I am so guilty. I am just as responsible as the next American parent for a phenomenon that is swiftly and sadly sweeping the nation.
Techno-Kids. That’s not what the experts call them, but it’s my word. These are the kids who aren’t getting enough of real life because the majority of their time is spent using some type of technology device.
I sense a type of irony here since I am using a laptop (technology). Let me explain.
Last night as I was trying to power down my brain before bed, I was thumb-scrolling mindless posts on Facebook. Yep, there’s that double standard again. I stumbled on the following post. Reasons Today’s Kids are Bored at School, Feel Entitled, Have Little Patience and Few Real Friends
It’s a harsh title, but I’m a teacher, so I clicked and read. And
It. Hit. Home.
My teacher friends have lamented for years that kids are getting “worse”. They won’t sit still anymore. They’re bored.They are ruder, they interrupt more. They argue with peers more. Consequences don’t phase them. They’re bored. They whine. They can’t handle any challenge. They refuse to try if you’re not holding their hand. They’re bored.
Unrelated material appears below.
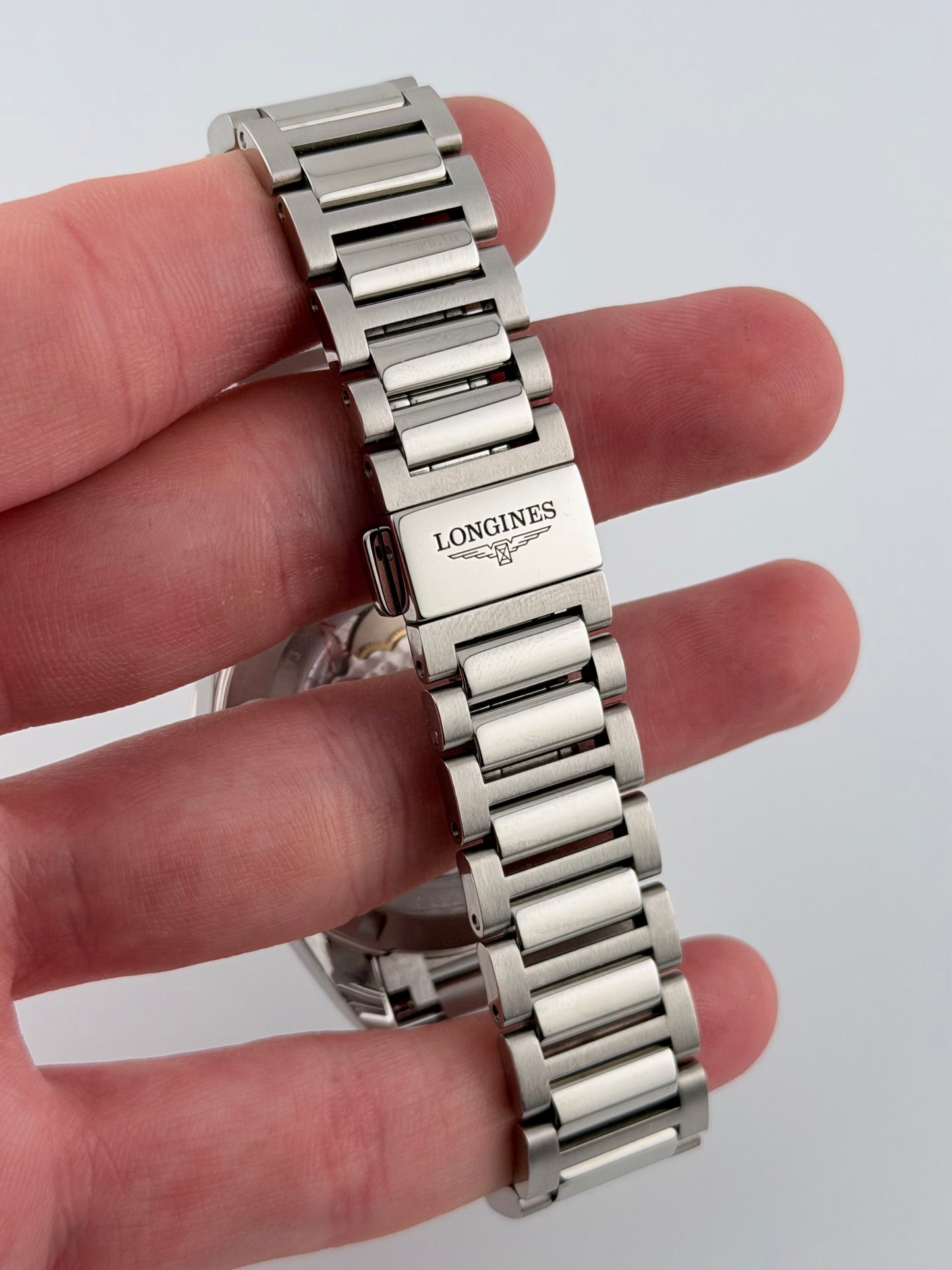 Longines Conquest Automatic Date L3.720.4 - Green Sunburst Dial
And all the parents blame US for their children’s failure in schools. Socially, behaviorally, and academically. We are TRYING so very hard to help the children we serve. Every second, every report, every test we’re forced to give. We’re trying, but the kids (not all), just aren’t rising to the occasion. The potential of a generation is sitting, stagnating, and atrophying before it is ever cultivated. It is defeating and even the best teachers sometimes have a hard time finding the motivation to do it again the next day.
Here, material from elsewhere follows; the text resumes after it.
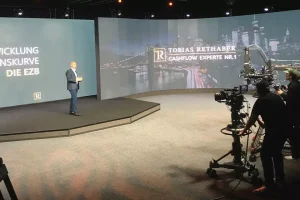 Tobias Rethaber während der Aufnahme eines Onlinekurses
It’s not a revelation that technology has a hand in what is happening to AN ENTIRE GENERATION OF AMERICANS. The revelation that I had last night I AM ONE OF THOSE PARENTS. I am raising a child who is going to turn into one of the thousands of children across the country that can’t do anything for themselves because they are so dependent on their glowing box of entertainment. Because we love them so much we help them do everything. Because we are blessed enough to have the means to give them what they want. We’re not helping them. We aren’t raising them anymore.
I SWORE I would not let my kids grow up to be one of THEM. For the first YEAR of my oldest’s life, she did not watch TV. We ate dinner as a family and talked to her. She was my pride and joy as my teacher-heart watched her play in the floor, ‘reading’ the same 3 books over and over. Then, to my pride…She really was reading the books! Early literacy is being able to tell the story by looking and describing what is going on in the pictures. At 14 months old, you could give her a book and she would make up a story. (very broken words, yes, but the point is she was so incredibly engaged).
Then, I unexpectedly got pregnant with our little boy. By the time my daughter was 18 months old, I was 7 months pregnant, but I was full-on Dudley Dursley by that point. For the non-Harry Potter fans (books, not movies), that equals roughly the size and shape of a baby whale. At 30 weeks, I had reached the size most people are at 40 weeks- The size I was when my first was born. My back hurt so much I could barely walk. My feet were beginning to fracture under the weight of the small planet that was growing inside me. Having an energetic 18-month old who loved to run, jump, climb, be carried, ‘sit in the floor with me’, had become so exhausting and I just needed to sit down after being at work all day and I was no longer up to dedicating the time and energy to her that I had been previously. I worked full-time as a teacher up until 37 weeks in that condition–in a brand new position, too– and it. was. rough. I needed help. Insert technology here.
By 30 weeks, sweet girl was watching TV. Yep, I gave in. Then, I downloaded ABCMouse.com because I had seen it advertised on PBS. I was still trying hard to make sure that anything she saw on TV was wholesome and educational. It advertised that it was books in an app that kids could choose from and it would encourage early literacy and love for books. Well, let me just say that it is a pretty great app as far as they go. It’s definitely worth the subscription fee, except… It was the Pandora’s box for my family.
Slowly, the ability to sit in the floor and engage with a book began to fade. She preferred to be able to instantly have that entertainment without having to work for it. She found my Netflix app and could navigate it without any effort. Suddenly, she’s gazing like a zombie at idiotic shows that have no educational value. I let it slide because I knew that as soon as I had that baby, I’d be able to physically move and engage her again.
After I birthed my dwarf planet, (little Dude was 11.1 at birth. Yeah. I know. I mean. Yeah.) I discovered a type of busy that I didn’t know existed. My bright baby girl slipped deeper into iPad land. Just watch this while I nurse your brother back to sleep. Here, watch this so I can cook dinner quickly while your brother naps.
I have become on of those…. I am working hard now to fix this though. I knew it had become a problem, but now is the time to correct it…while they are young and I still can!
Tomorrow is Saturday. What a great way to start. Let’s get back to the LAND and set our souls free. See ya on the homestead tomorrow!